(Short text fragments from websites)
====

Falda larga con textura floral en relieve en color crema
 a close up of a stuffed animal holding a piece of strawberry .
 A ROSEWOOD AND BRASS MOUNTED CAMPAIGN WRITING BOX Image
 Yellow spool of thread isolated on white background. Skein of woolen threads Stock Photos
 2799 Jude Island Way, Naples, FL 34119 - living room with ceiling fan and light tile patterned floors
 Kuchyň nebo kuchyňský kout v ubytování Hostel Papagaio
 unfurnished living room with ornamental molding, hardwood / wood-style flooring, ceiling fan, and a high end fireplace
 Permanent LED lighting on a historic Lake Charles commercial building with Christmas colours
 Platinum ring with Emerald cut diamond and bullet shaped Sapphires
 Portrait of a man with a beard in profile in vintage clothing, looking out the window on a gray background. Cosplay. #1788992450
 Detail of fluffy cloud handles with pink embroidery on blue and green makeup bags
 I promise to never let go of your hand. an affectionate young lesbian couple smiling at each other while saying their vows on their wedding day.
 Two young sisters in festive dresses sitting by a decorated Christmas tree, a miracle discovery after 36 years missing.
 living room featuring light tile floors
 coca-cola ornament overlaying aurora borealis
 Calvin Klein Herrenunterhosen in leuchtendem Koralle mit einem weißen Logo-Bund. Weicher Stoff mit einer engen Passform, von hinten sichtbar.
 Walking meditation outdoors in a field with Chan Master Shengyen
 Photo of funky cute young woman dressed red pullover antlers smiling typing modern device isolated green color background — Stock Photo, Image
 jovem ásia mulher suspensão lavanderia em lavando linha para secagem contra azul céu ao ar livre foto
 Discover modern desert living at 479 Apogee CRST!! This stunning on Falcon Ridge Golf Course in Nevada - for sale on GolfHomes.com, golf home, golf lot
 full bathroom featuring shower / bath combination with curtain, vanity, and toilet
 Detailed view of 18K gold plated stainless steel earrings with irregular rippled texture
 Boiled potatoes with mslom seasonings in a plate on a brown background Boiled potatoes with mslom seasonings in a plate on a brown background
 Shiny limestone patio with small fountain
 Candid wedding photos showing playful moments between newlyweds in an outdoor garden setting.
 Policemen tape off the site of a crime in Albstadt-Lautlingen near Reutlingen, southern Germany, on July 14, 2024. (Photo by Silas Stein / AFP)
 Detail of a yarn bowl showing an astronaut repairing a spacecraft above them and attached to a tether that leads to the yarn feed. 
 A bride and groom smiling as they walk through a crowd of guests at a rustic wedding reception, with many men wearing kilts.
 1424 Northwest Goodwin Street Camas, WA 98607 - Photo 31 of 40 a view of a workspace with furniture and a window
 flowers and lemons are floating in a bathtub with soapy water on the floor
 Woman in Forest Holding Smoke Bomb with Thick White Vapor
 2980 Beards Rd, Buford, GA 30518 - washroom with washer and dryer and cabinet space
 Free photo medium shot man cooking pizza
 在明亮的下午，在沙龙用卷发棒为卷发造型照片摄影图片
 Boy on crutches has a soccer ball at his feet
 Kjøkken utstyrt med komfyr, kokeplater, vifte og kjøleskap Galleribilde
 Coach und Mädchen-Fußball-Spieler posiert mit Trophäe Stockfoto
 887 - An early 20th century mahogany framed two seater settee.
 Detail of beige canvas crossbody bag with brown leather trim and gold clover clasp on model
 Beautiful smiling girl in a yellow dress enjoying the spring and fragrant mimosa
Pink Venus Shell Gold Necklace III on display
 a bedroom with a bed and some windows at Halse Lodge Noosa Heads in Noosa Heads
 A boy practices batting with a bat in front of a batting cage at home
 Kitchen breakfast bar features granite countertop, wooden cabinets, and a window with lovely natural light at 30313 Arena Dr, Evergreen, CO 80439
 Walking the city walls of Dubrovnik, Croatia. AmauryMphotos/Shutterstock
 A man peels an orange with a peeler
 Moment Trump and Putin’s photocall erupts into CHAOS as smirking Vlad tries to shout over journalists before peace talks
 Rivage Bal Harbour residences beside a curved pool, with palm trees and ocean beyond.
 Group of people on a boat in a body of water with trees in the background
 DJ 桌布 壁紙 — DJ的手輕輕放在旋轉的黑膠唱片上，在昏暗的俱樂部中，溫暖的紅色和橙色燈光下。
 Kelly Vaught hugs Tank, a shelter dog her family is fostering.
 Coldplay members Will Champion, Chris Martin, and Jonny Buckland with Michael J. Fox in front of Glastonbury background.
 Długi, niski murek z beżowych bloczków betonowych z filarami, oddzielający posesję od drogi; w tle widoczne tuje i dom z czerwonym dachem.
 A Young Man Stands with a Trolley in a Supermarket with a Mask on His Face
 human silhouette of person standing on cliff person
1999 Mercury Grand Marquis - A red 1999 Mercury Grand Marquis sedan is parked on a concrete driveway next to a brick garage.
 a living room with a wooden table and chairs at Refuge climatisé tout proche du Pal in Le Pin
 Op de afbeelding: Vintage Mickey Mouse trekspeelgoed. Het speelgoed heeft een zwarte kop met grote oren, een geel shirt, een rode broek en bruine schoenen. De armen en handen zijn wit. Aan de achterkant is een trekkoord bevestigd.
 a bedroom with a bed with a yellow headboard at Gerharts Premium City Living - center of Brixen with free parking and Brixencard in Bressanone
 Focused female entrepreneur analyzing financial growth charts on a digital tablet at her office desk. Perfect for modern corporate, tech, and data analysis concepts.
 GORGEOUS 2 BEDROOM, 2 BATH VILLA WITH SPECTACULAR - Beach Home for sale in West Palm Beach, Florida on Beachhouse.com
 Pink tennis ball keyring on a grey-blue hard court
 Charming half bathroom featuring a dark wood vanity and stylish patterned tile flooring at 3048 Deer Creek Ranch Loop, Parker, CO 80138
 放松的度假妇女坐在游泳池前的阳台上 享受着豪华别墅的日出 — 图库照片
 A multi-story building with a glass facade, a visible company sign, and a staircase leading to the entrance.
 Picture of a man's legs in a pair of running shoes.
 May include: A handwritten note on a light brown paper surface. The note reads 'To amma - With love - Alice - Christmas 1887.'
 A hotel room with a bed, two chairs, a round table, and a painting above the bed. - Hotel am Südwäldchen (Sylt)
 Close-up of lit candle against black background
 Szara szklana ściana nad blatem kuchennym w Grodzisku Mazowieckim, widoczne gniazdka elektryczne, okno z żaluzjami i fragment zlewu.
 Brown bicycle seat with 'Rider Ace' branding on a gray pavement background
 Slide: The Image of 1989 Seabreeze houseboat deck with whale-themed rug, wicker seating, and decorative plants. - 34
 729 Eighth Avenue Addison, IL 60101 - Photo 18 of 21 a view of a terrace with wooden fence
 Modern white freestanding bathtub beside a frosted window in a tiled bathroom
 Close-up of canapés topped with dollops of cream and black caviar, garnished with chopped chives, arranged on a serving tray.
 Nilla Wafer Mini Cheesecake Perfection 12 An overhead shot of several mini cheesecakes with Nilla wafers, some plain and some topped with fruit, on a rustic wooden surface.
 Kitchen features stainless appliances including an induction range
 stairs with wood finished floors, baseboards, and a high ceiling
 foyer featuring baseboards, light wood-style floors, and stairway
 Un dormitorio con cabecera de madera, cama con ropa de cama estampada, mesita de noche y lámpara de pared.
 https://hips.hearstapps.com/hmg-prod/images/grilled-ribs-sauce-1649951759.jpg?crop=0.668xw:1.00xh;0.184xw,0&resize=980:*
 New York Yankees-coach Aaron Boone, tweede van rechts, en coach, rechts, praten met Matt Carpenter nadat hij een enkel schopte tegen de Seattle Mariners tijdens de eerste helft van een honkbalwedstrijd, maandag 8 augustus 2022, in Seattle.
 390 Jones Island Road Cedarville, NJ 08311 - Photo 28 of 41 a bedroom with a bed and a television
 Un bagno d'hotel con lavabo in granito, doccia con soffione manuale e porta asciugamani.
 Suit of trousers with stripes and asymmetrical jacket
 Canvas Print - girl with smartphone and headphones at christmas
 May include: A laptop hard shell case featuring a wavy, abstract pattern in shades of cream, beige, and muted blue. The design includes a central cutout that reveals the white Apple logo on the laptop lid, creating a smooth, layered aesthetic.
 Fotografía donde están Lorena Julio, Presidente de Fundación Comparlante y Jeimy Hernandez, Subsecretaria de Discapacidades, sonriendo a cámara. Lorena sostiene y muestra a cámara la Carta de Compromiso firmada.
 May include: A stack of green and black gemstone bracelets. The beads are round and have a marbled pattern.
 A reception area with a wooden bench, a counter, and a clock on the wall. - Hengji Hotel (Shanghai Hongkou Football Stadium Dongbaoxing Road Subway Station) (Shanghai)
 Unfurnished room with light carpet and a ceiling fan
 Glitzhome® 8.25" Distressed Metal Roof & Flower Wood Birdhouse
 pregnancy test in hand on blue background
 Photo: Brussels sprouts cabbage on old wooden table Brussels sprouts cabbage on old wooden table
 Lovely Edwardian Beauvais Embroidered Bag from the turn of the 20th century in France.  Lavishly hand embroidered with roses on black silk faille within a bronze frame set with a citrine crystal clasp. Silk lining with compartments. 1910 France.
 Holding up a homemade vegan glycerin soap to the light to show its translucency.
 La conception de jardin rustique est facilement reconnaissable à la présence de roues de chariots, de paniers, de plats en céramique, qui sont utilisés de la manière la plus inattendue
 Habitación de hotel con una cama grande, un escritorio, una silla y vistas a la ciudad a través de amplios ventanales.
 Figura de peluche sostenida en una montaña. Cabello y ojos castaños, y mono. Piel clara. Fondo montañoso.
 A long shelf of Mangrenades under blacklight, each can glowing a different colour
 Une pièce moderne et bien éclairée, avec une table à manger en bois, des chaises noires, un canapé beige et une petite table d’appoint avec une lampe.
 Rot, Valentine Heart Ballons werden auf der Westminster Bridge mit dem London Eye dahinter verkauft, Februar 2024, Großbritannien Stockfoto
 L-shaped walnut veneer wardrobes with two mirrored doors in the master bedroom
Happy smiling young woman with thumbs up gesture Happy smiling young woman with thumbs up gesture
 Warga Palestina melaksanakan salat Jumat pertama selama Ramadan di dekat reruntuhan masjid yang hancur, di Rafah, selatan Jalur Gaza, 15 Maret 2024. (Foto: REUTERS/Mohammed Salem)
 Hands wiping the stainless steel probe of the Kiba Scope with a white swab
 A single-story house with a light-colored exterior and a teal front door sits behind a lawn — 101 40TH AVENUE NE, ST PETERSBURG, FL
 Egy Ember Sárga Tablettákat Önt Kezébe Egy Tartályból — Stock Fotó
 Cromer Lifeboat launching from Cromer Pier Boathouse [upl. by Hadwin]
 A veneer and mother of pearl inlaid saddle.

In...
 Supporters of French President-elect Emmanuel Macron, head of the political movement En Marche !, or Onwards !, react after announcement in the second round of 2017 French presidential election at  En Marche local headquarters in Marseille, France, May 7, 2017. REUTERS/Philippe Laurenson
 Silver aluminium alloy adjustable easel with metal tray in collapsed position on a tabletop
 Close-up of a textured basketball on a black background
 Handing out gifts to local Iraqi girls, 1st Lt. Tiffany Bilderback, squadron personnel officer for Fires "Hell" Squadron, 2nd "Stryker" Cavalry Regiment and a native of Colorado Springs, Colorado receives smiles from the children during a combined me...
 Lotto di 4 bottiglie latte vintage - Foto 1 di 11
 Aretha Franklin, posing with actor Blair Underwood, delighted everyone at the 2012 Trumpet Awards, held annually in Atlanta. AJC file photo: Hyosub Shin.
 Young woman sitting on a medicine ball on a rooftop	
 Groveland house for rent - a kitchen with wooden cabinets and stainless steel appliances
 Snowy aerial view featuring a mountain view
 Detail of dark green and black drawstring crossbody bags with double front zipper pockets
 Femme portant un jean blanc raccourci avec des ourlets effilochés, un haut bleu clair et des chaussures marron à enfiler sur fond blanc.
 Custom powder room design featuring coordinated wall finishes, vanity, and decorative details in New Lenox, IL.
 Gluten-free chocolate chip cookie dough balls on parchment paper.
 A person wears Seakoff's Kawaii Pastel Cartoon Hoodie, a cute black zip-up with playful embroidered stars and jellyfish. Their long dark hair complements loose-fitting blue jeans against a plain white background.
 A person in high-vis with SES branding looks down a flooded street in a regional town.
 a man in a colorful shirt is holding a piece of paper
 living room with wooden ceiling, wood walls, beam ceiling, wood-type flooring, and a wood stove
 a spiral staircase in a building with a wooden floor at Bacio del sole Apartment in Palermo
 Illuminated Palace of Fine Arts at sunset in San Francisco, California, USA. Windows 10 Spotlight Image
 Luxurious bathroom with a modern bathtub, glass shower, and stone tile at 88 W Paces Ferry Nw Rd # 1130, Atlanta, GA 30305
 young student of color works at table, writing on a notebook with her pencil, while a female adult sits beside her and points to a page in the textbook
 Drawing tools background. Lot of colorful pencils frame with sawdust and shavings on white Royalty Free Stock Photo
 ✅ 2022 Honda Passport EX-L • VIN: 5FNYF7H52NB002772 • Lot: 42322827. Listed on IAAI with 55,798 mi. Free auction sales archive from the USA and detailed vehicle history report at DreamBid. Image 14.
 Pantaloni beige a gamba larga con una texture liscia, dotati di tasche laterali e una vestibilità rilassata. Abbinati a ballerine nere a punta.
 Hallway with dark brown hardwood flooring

====

TASK =
Please show all lines from the entries that contain the word "bathtub".

TASK RESPONSE =
 flowers and lemons are floating in a bathtub with soapy water on the floor
 Modern white freestanding bathtub beside a frosted window in a tiled bathroom
 Luxurious bathroom with a modern bathtub, glass shower, and stone tile at 88 W Paces Ferry Nw Rd # 1130, Atlanta, GA 30305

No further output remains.